By the way, in Japanese framework of reference humans are considered to be in possession of 20 _yubi_, not 10 of them.


----------



## Chazzwozzer

*Turkish:
finger:* parmak
*toe:* ayak parmağı

Note that we do not specify finger, but toe.


----------



## susanb

*Catalan*

fingers: dits de la mà
toes: dits del peu


----------



## irene.acler

Italian:
Fingers = dita delle mani
Toes = dita dei piedi


----------



## andreiro

Romanian:
Fingers = degetele de la mâini
Toes = degetele de la picioare
deget(sing), degete(pl) = finger/toe
degetul(the finger), degetele(the fingers)


----------



## Etcetera

A correction:


Lemminkäinen said:


> Russian:
> 
> Finger: *палец* (pl. *пальцы*)
> Toe: *палец ноги* (lit. 'foot/leg finger') - (pl. *пальцы ноги*)


----------



## Lugubert

Flaminius said:


> By the way, in Japanese framework of reference humans are considered to be in possession of 20 _yubi_, not 10 of them.


That's interesting. Like in Roman languages, Latin seems to use _digit_ for fingers as well as for toes, but specifies 'fingers of the foot' for toes. I can translate those things, but don't remember the original Latin.

Like other Germanic languages, Swedish makes a difference: (sing/pl) finger/fingrar, tå/tår.
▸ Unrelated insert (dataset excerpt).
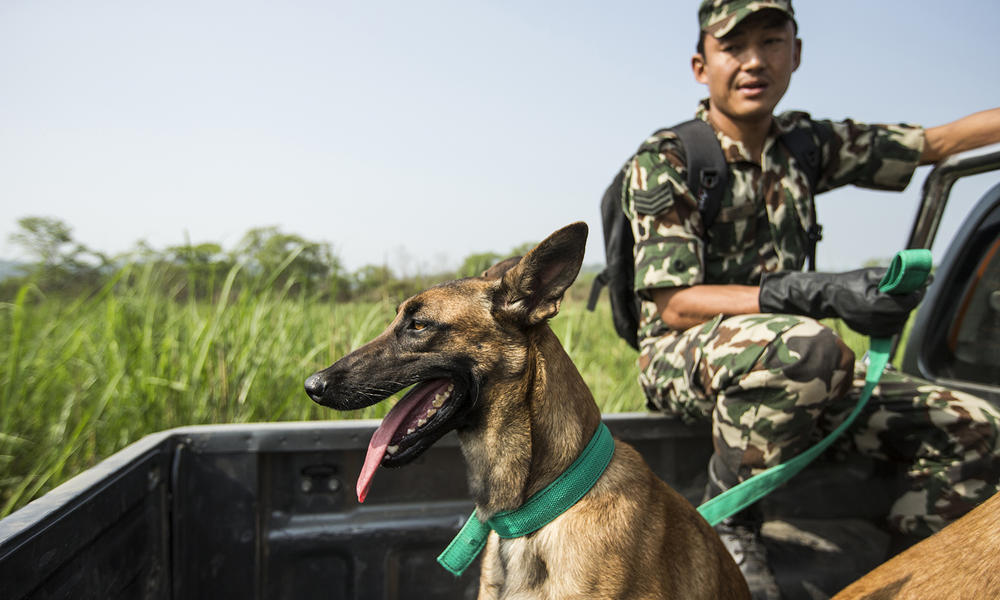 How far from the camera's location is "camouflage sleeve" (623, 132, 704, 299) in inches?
98.3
Also, I think some languages don't make a difference between foot and the lower leg including shin and foot, or hand vs. hand plus lower arm. Semitic experts welcome. Somebody with more time on their hands ;-) start a thread.


----------



## Lingvisten

Danish has seperate word like the other germanic languages:

sg/pl.
Finger/fingers - finger/fingre
Toe/toes - tå/tær


----------



## Stéphane89

Conchita57 said:


> German, like English, has two different words:
> 
> toes = Zehen
> fingers = Finger
> 
> In Spanish, as in Portuguese, we have to specify: dedos de los pies.
> 
> In French, you can say 'orteils' or 'doigts de pieds'.


 
In French, we call the fingers *"les doigts (de la main)"*.
*Orteils* only refers to the toes.


----------



## bb3ca201

Anns a’ Ghàidhlig nì sinn mar thusa.  Bì sinn ag ràdh “òrdag” airson “finger” agus “òrdagan na coise” airson “toe”.
In Gaelic, we do the same.  We say “òrdag” for finger, and “òrdag na coise” for toe.


----------



## mimi2

Vietnamese
Fingers and toes: ngón tay và ngón chân.


----------



## Abbassupreme

"Angosht"  for "finger" in Persian and apparently "panjeh" for "toe".  I swear I've heard "angoshte/angoshteye paa"  as well, though.


----------



## Alijsh

Abbassupreme said:


> "Angosht" for "finger" in Persian and apparently "panjeh" for "toe". I swear I've heard "angoshte/angoshteye paa" as well, though.


Dear Abbassupreme, we have the same word for both finger and toe: *angosht*. To specify "toe" we say: *angoshte pâ*. 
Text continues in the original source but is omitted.